In the meantime, Sunshine, who had been quietly sitting on his own across the lake, got tired of the back-and-forth betting and suddenly, unexpectedly, launched himself into the lake.
Jaws dropped, all chatter ceased as we watched in amazement Sunshine jump back out of the freezing lake, fully wet and dripping from head to toe. We cheered and clapped, and though Grumpy did fulfill his bet a while later by jumping in, it had lost some of its appeal by that point.

After lunch we hiked on and reached our major destination of the day by 4:00pm: Highway 26. This was the highway that led straight from Portland to Mt.
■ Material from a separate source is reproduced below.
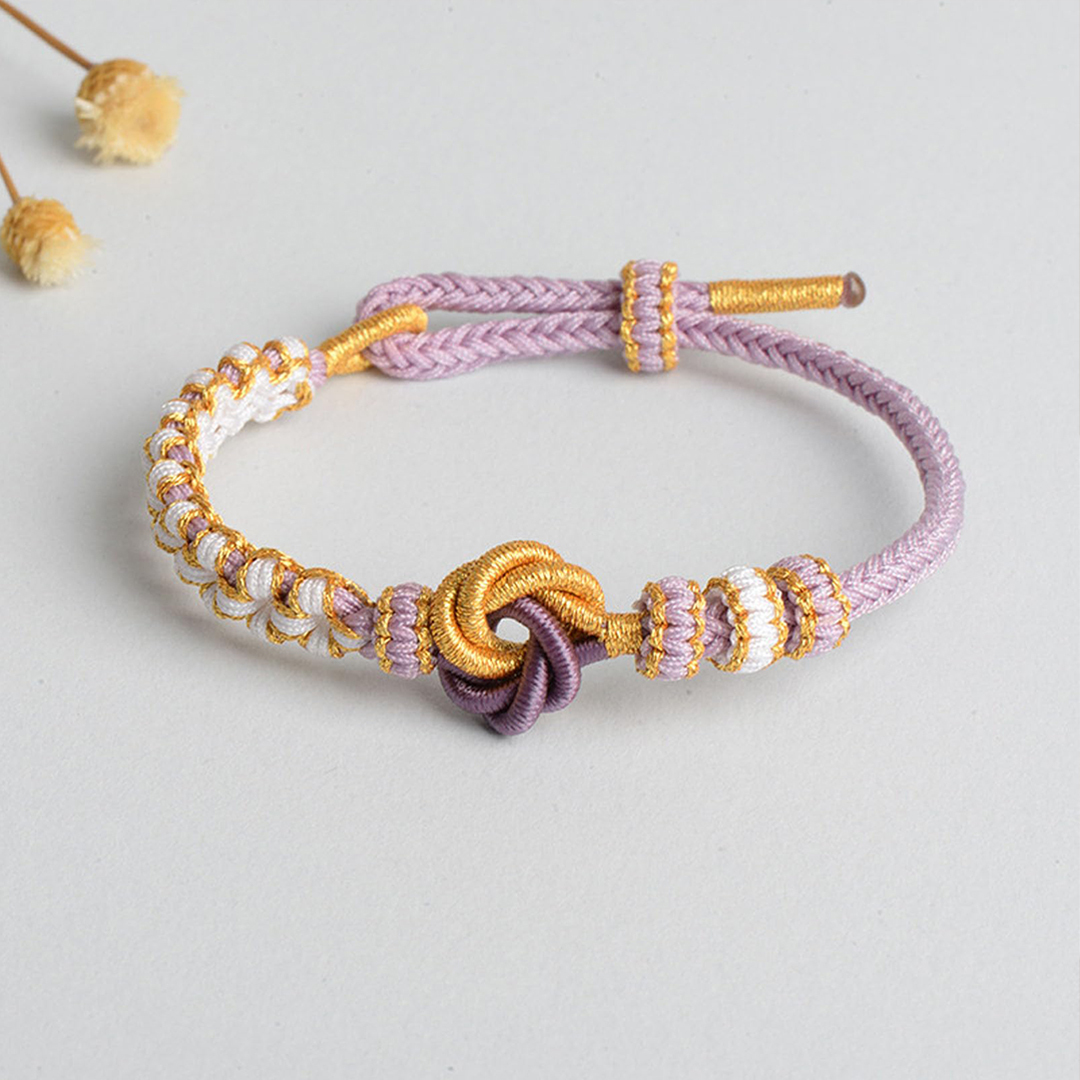 For Granddaughter Bracelet A Link That Can Never Be Undone Peach Blossom Knot Bracelet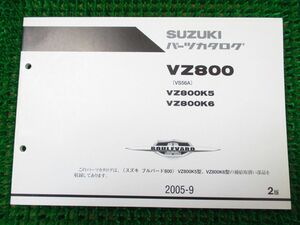 【 即決 】 ブルーバード800 パーツカタログ 2版 VS56A ○K805！スズキ VZ800K5 6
Hood ski area, and I had traveled it so many times in the past few years coming and going to the mountain that it felt practically normal to be standing by its side. Sneaks, Coincidence, Mudd, Dingo and Treekiller decided they wanted to catch a hitch to the small mountain town of Government Camp to get a beer before continuing their hike to Timberline Lodge at the top of the mountain. By the time Wocka, Giddyup, Sunshine and I caught them, they had already caught a ride and we sat beside the highway, trying to decide whether we wanted to join them.

Wocka and Giddyup tried hitching for a while, but I decided I wanted to call Tanner and get a ride into town, ideally to spend the night in my own bed. I could get back on trail in the morning and meet everyone at Timberline for breakfast. From the highway it was only an eleven mile walk to the lodge. Sunshine decided he wanted to go into Portland with me, and when Wocka and Giddyup couldn't find a ride, they decided to come, too.

Wocka and Giddyup trying to hitch

We waited for Tanner to get off work and drive up to the mountain, and by 6:30pm we were in the car and racing back toward town. We stopped at one of my favorite local dinner spots - Burgerville - and took advantage of their seasonal side, the Walla Walla Sweet Onion Rings. I may have talked them up a little too much to the others, but damn, they were delicious. Totally worth it.

My friend Elizabeth joined us for dinner and then she and my friend Jason came back to the house with us to hang out while we hikers did our usual town chores: shower, laundry, resupply. Except this time we did them in a scant four hours, went to bed, and prepared to go back out hiking tomorrow morning. I would have been loathe to leave so quickly if I didn't know that I would be close to Portland again in another three days when we reached the town of Cascade Locks. From Cascade Locks, we were hoping to take a true zero in Portland before heading north to Washington for our final stretch of trail.

Otherwise, today's home visit was quite a whirlwind tour. But whirlwind or no, I had walked from the border of Mexico to my home in Portland, Oregon, and how befitting that I should arrive on my hundredth day on trail!